# Tile over Tile ??



## Piney

Greetings--

Small bathroom remodel (4x6ft floor only).

Original tile is set over concrete floor. After several wacks with a hammer and chiisel, we determined moving it is going to be a huge pain !!

Sooooooo-- How does one go about installing new tile over old tile ?

One tile store said they would put down a layer of material (thinset of some sort) to level the existing tile, filling in the existing grout lines. Then lay thinset and new tile over this new surface.

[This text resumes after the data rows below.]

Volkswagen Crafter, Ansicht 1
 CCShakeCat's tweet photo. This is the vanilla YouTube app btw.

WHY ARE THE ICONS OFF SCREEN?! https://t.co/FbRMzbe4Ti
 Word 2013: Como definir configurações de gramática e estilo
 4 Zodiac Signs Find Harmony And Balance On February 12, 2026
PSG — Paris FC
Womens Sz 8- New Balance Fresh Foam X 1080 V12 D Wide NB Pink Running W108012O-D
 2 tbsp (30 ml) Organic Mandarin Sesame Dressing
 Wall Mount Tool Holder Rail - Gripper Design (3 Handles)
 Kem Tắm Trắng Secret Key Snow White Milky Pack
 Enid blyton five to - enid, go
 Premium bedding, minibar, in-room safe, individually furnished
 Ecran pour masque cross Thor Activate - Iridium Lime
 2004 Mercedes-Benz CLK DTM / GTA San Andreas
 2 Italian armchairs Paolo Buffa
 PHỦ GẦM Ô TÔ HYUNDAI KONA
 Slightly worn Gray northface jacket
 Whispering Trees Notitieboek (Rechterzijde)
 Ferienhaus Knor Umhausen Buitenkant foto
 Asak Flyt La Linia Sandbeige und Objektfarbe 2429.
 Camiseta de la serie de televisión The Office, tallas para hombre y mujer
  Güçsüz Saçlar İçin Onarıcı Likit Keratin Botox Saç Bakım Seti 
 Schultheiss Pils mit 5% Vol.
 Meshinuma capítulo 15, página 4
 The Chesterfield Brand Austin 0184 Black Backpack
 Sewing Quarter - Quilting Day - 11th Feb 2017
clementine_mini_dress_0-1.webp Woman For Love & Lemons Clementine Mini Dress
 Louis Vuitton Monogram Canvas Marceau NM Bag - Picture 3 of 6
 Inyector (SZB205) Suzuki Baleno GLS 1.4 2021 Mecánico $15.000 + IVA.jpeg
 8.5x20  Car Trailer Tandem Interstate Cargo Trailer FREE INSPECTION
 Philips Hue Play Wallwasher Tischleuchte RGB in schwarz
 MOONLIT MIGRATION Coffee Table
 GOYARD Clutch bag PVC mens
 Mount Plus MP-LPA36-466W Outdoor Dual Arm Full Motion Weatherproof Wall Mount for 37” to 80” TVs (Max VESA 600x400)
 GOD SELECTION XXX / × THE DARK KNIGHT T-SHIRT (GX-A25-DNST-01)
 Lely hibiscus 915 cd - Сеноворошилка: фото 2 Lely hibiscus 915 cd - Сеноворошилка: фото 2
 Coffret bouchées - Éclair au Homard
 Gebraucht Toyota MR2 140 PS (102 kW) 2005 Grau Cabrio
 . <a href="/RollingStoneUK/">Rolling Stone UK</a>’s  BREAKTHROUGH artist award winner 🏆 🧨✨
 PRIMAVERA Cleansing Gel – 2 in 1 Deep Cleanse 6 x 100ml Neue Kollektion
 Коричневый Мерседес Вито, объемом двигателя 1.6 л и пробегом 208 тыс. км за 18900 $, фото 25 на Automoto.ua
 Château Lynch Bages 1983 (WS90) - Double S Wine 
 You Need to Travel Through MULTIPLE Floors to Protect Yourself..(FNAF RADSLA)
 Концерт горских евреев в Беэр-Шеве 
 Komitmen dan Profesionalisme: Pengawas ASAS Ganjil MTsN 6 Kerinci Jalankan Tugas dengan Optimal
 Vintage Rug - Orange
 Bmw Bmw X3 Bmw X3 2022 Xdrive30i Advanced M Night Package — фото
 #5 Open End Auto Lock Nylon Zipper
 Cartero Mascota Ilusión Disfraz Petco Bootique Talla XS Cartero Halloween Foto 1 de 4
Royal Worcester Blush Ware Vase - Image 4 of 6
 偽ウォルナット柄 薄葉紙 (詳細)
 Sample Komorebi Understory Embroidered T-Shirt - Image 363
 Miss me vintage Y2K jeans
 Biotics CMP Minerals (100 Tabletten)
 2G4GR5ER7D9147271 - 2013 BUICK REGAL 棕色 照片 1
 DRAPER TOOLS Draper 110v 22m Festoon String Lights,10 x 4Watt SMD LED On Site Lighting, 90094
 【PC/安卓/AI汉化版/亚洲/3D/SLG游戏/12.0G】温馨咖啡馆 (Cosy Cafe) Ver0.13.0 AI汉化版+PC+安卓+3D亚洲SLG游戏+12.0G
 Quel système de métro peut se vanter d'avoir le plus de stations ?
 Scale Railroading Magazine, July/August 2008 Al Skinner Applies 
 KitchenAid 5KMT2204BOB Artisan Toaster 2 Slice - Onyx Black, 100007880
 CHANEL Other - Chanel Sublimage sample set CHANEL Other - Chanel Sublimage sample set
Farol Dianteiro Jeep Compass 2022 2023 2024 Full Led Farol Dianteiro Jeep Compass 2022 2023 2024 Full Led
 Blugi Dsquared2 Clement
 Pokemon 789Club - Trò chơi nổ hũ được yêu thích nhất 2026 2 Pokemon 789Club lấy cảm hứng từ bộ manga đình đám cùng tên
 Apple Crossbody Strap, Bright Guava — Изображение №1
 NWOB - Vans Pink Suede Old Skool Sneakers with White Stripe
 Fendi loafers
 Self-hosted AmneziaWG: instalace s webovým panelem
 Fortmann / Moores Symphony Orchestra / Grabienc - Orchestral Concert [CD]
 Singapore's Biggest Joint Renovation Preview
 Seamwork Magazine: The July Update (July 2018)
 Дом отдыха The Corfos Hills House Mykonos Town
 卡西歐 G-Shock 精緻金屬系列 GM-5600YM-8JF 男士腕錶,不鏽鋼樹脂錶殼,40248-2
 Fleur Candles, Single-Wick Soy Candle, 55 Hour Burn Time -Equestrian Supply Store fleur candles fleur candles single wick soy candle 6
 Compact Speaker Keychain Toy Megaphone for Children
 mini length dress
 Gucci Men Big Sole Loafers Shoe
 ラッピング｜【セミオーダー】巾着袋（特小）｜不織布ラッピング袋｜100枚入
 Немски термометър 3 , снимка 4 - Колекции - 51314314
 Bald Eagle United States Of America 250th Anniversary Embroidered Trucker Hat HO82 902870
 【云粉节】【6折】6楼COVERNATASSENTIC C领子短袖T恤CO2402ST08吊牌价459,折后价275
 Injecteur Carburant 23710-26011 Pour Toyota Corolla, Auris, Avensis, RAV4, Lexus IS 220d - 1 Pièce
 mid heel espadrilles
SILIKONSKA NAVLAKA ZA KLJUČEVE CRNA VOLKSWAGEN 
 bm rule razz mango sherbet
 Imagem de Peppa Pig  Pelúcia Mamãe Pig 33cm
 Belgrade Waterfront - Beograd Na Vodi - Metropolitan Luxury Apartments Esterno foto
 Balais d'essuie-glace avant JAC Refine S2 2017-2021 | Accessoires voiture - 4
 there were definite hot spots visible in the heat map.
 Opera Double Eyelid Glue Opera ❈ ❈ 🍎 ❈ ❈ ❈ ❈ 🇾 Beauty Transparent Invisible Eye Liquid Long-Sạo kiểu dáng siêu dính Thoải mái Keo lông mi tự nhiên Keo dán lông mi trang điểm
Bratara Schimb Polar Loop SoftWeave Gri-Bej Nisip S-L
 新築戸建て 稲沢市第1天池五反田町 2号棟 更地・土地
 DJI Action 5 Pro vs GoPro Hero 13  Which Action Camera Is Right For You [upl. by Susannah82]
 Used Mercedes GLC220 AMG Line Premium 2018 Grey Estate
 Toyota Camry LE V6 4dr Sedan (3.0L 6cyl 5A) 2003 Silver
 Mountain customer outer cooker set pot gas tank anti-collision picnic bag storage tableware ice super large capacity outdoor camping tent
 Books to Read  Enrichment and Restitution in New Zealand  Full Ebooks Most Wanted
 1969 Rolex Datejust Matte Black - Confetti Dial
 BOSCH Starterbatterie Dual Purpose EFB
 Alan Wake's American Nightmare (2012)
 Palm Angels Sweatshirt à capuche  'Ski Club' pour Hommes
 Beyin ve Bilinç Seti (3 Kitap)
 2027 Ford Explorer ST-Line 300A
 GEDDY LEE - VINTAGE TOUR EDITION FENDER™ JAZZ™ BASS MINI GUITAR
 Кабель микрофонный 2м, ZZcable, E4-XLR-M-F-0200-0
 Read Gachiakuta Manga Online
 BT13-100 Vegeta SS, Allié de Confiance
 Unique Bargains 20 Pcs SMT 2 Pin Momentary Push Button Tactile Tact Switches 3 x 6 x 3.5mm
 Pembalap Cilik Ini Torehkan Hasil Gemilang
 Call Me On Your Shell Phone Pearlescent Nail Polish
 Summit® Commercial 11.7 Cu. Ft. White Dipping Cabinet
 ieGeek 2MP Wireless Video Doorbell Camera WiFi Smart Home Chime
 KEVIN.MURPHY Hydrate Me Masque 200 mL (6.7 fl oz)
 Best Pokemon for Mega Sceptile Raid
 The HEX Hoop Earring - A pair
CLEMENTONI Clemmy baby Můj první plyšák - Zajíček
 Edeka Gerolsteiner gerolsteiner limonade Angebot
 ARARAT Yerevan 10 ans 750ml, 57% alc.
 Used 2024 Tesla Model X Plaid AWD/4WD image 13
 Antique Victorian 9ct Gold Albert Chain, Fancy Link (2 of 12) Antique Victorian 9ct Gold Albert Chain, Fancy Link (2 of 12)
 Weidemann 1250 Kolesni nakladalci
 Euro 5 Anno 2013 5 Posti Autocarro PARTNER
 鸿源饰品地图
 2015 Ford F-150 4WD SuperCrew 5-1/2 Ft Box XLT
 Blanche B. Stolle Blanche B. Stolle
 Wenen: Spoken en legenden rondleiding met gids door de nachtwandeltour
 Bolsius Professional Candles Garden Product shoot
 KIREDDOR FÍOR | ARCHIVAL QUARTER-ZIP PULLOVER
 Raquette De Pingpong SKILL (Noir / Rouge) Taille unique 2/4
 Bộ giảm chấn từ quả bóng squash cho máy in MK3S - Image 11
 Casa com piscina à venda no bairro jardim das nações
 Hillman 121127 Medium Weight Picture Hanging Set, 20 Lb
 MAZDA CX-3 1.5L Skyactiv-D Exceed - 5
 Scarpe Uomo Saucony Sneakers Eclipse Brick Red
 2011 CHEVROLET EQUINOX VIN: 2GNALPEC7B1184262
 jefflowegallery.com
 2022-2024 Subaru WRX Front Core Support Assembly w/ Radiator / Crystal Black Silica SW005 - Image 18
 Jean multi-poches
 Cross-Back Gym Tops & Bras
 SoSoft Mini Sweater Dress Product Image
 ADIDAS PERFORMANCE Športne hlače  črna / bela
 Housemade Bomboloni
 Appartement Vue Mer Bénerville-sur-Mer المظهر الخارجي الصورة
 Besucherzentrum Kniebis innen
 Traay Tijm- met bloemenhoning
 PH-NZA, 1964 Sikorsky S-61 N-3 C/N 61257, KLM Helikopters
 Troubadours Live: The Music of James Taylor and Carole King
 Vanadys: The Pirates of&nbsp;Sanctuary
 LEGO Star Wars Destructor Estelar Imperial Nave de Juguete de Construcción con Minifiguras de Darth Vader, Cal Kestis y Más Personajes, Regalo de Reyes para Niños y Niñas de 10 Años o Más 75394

Another store said they clean the existing tile, rough it with a sander, then just lay the new tile right over the old tile, with a slightly thicker layer of thinset (actually he used another term for a different setting material).

Comments ??


----------



## dougrus

Both suggestions are options...
First of all, you need to determine if it truly is a "concrete floor" the tile is set on...Is you house on a slab? If not then the floor you describe would be most likely a mortar bed, which may or may not be in good enough condition to tile over.
Second, although it is better not to tile over tile you can as long as you use good materials. Buy a GOOD modified thinset and either:

1. sand the surface of the old tile and lay the tile being sure to really "burn in" the thinset before you lay it with the flat side of thetrowel...in other words, make sure you get the thinset really well adhered onto the old tile, then "comb" a layer in with the notched side of the trowel. and then be sure to "backbutter" the tile before you set it....
2. "Skim coat" the original tile with thinset, let it cure, and then thinset and tile over that after...the point is to level off the surface for the tile...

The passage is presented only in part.